For networks, consider a networked backup unit. This would allow a single backup system to be used with many different computers. Thus you can buy one high-speed device for about the same money as several lower-speed devices. Keep in mind however that a network backup can bring a standard Ethernet network to its knees. (The network only shares 10 Mbps for all users on a SOHO or wireless LAN.) Even a Fast Ethernet (100 Mbps) LAN might suffer noticeable delays and problems.
An excellent choice for single-system backup is a USB disk. Also using SAN/NAS to centralize your storage makes it easy to use a single backup system (robot tapes).
It is a good idea to have a spare media drive (e.g., DLT tape drive), in case the one built into a computer fails when the computer fails. This is especially true for non-standard backup devices that may not be available from Circuit City on a moment's notice. Regularly clean and maintain (and test) your backup drives. (While I don't know of any organization that does this, consider copying old data to new hardware once the old drives are no longer supported or available. If you don't have a working drive, old backups are useless!)
Suppose a medium to large organization uses 8 backup tapes a day, 6 days a week, means 48 tapes. If your retention policy is to keep 6 months worth of incrementals, that's 1,248 tapes needed. High capacity quality tapes might go for $60, so you would need $74,880.00. In the second part of the year you only need new tapes for full backups, an additional 260 tapes say, for $15,600, or more than $90k for the first year. (Not counting spares or the cost of drive units.) Changes to the policies can result in expense differences of over $1,000 per month!
As backup technology changes over the years, it is important to keep old drives around so as to read old backup tapes when needed. You should keep old drives around long enough to cover your data retention policies. Try to avoid upgrading your backup technology (drives, tapes, software) every few years, or you'll end up with many different and incompatible backup tapes.
Archives are easier to make than backups, so most tools perform
archives.
A tool cannot make a backup
without knowing the underlying
filesystem intimately, i.e. it must parse the filesystem on
disk.
The reason is twofold:
GNU tar is a
popular tool for archiving the user's view of files.
Another standard (and free) choice is cpio.
Note neither tool is standardized by POSIX.
A new standard tool, based on both (and hopefully better than
either) is pax.
These, combined with find and some compression program
(such as gzip or bzip2) are used to easily
make archives.
You can ask find to locate all files modified since a
certain date, and add them to a compressed tar archived
created on a mounted backup tape drive.
A backup shell script can be written, so you don't end up attempting
to backup /dev, /sys, or /proc
files.
(Note!
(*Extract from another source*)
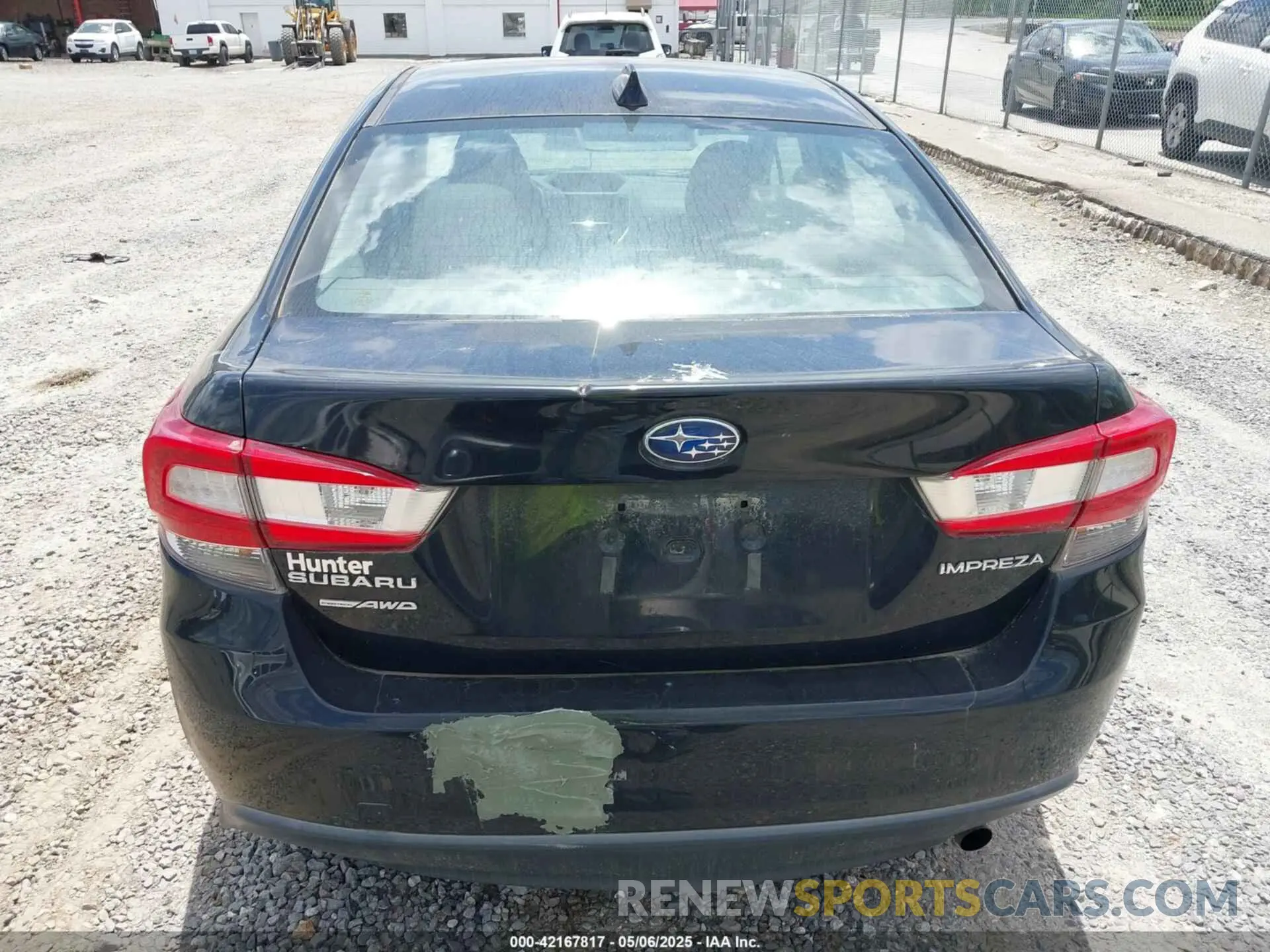 16 Photograph of a damaged car 4S3GKAD64K3626732 SUBARU IMPREZA 2019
Unix tar ≠ GNU
tar; use the GNU version.)
If you want to store the kernel's view of files, along with all of
the semantics the filesystem provides, and none of the
non-filesystem objects that might appear to inhabit the filesystem
(such as /proc entries), use the filesystem's native
dump (and restore) programs provided by
your vendor specifically for that purpose, for your filesystem type
(note for Reiser4Fs you can just use
star).
dump uses /etc/dumpdates to track dump
levels.
Some of the differences between dump (for backups) and
tar or cpio for archives are:
dump is not confused by object types that the
particular operating system has defined as extensions to the
standard filesystem;
it also does not attempt to archive objects that do not actually
reside on the filesystem, e.g. doors and
sockets.
Consider what GNU tar does to
UNIX-domain sockets:
it archives them as named pipes.
They are not on the filesystem, so really they should not be
archived at all.
dump handles this situation correctly. tar ignores ACLs, while a native
dump program will correctly archive them.
(A new extensible backup format known as pax will archive
ACLs, SELinux labels, and other meta-data stored in
extended attributes.
A tool called star uses a version
of this format.
Oddly the pax utility doesn't seem to backup
extended attributes correctly.
Find out about star on the web.) tar cannot detect reliably where file
holes are.
dump is not confused by files with holes (such as
utmp on some systems); it will backup only
the allocated blocks and restore will reconstruct the
file with its original layout. tar uses normal filesystem semantics to read
files, so it modifies the access times recorded in the filesystem's
inodes.
This effectively deletes an audit trail which may be
required for other purposes.
(Modern tar has extra options to handle this
correctly.)
dump parses and records the filesystem outside of
kernel filesystem semantics, and therefore doesn't modify the
filesystem in the process of copying it.
Not all filesystem types support dump and
restore utilities.
When picking a filesystem type keep in mind your backup requirements.
In any case, crontab can be used to schedule backups
according to the backup schedule discussed earlier.
If your company prefers to have a human perform backups,
remember that root permission will be needed to
access the full system.
Often the backup program is controlled by sudo or a
similar facility so the backup administrator doesn't need the root
password.
The find command can be used to locate which files
need to be backed-up.
Use
for
incrementals and differentials to find files changed
since find / -mtime -xx
(/etc/last-backup.{full,incremental,differential}).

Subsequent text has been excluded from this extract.